Sustainability is important to RST from both an environmental perspective, but I think also from a sustainability of business perspective. We want to build systems that are going to be around well into the future. The sustainability of our monitoring, to give continuity through a project life cycle is important. We are one of the companies that can offer that kind of sustainable approach.


How does RST Instruments support graduates in early career professionals who are just entering the industry?

RST has got quite a young and dynamic sales team in the UK the sales team. I think the same thing could be said of Measurand. We’ve often got students going through in Maple Ridge, BC. There’s a few roles where we do employ people as part of their graduate training and the work experience.


How has COVID-19 affected the day-to-day running of RST Instruments. How have staff adapted?

I think the staff of adapted very well to a new environment where we’re all working from home. I think the impact of COVID on our organization, not traveling not doing exhibitions, has opened our eyes to newer, different ways to do business. I would say we miss the face-to-face approach with our partners and key customers. We would like to get that back to normality soon as we can because it’s great doing Microsoft Teams—and in some ways we’ve got closer to many people because Teams is the way to go, we can do monthly meetings for example—but I also feel there’s nothing like having a beer with the guy to build a relationship.

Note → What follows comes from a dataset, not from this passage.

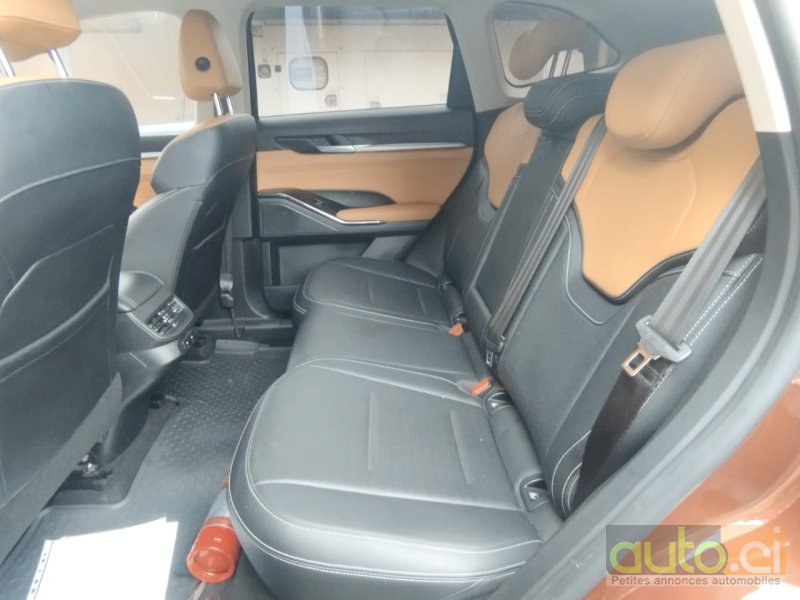 Photo 3 AUTO.CI : Haval H6 Américain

Why does RST Instruments feel the AGS is important to the industry?

I think it’s important to the UK, not only the UK, but further afield. The kind of premise of having a generalized data format for the site investigation, for geotechnical instrumentation and monitoring. As we move forwards it makes sense to have a global standard and I think the AGS committee, group if you like, is really at the forefront of pushing that. It’s very difficult to standardize an industry.


What are RST Instruments’ future ambitions?

RST Instruments’ future ambitions are to continue to strive to be the world leader in providing geotechnical and structural instrumentation monitoring solutions. Our goal is to be kind of part of the process—I wouldn’t I want to say cradle to grave—but we want to be involved from inception through to delivery and continued delivery of that service.